A lease agreement is a reciprocal agreement between a landlord and a tenant. The landlord agrees to make the leased property available to the tenant by giving the tenant temporary use and enjoyment thereof. In return, the tenant agrees to pay lease to the landlord. We have three types of leases namely; the lease of a thing, either movable or immovable e.g. lease of a flat or vehicle (locatio conductio rei). The hiring of a service e.g. employment contract (locatio conductio operarum) and the hiring to complete a project e.g. for an office to be built (locatio conductio operis).

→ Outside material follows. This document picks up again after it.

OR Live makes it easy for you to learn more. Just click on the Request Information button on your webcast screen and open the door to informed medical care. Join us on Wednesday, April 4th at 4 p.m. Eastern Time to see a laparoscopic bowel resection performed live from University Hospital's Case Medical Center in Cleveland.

A rent amount can either be agreed upon expressly or tacitly. In the case of land that is being rent, the tenant can agree to pay in the form of harvest. Rent can also be determined by way of a method or formula. It is not clear from case law whether it is acceptable to contract on a “reasonable rent”. In the case of Genac Properties Jhb (Pty) Ltd v NBC Administrators CC, a 1992 case from the old appellant division, the court said that it will probably be permissible, but this is not legally binding, seeing that it was an obiter statement made by the court.

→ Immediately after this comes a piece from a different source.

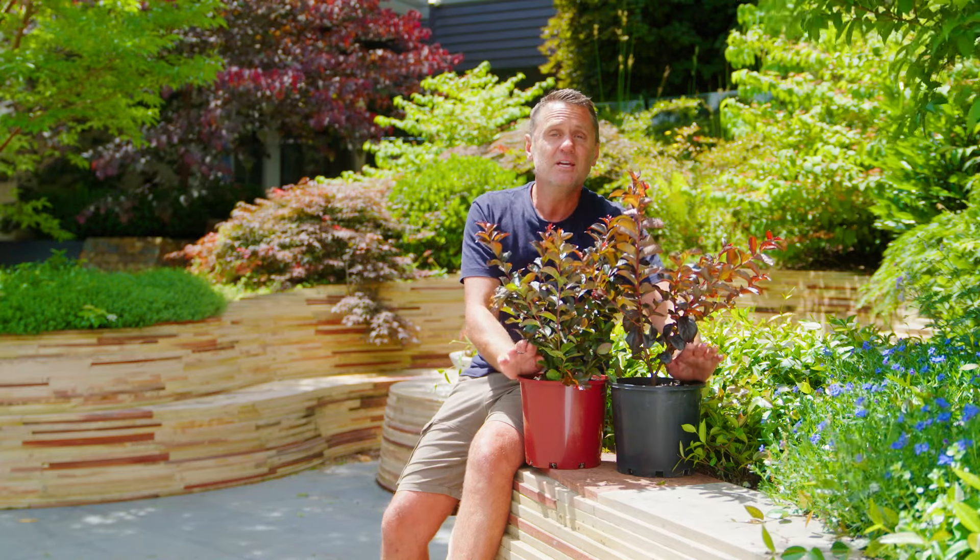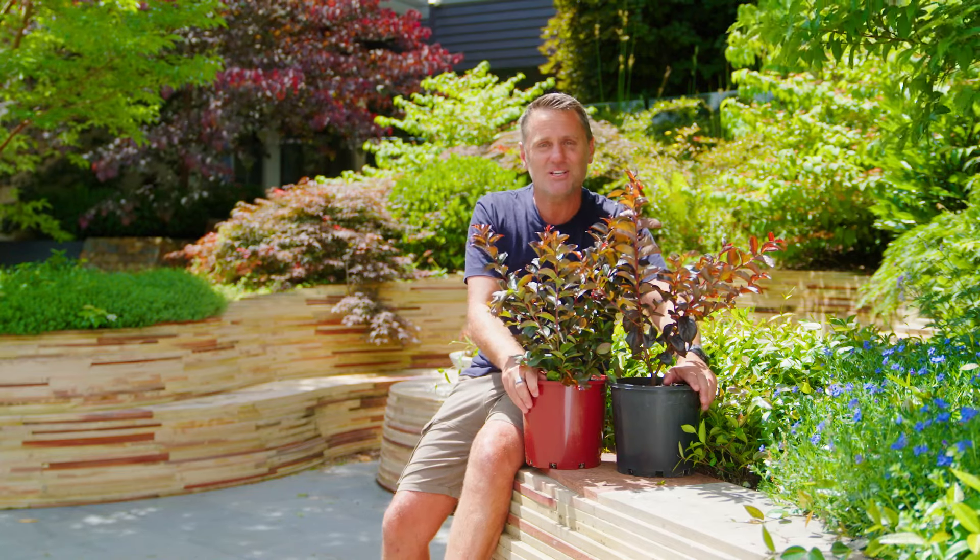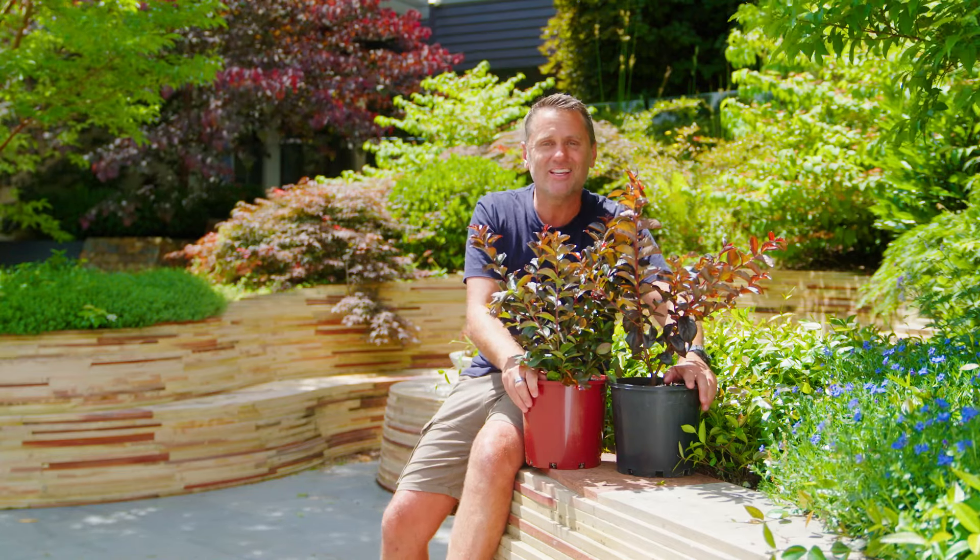When it comes to a feature tree, it really is hard to beat the crepe myrtle. With Fleming's new Magic Series crepe myrtles, we are getting great disease resistance and a really wide range of semi-dwarf, multi-stem crepe myrtles. And they are available all across Australia, so there is something for everyone.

Provision for escalation can be made in a lease agreement, it must however be objectively applicable. It may be made with reference to inflation or another formula. If one of the parties are given the discretion to determine rent, it must be objectively reasonable, as seen in the supreme court of appeal case of 1999, NBS Boland Bank v One Berg River Drive CC. Courts will tend to allow this in a lease agreement, but not with a contract of sale.
The landlord must give the tenant “undisturbed use and enjoyment” or commodus usus. If not, the tenant may be entitled to claim reduction in rent equal to the reduction in use and enjoyment that the tenant suffered. The landlord has a continuous maintenance obligation. This however, excludes, reasonable wear and tear – but can be contracted out of.
Courts are very reluctant to order specific performance where the landlord fails to maintain. Lately, the courts are more inclined to allow the tenant to self-maintain and then recover costs, if the landlord is able to repay. In such an instance, it will be required that the tenant give the landlord reasonable notice of the defect. If the landlord then not perform, the costs can be deducted from the rent, or, if it is more than the rent amount, the tenant may approach a court to recover the costs.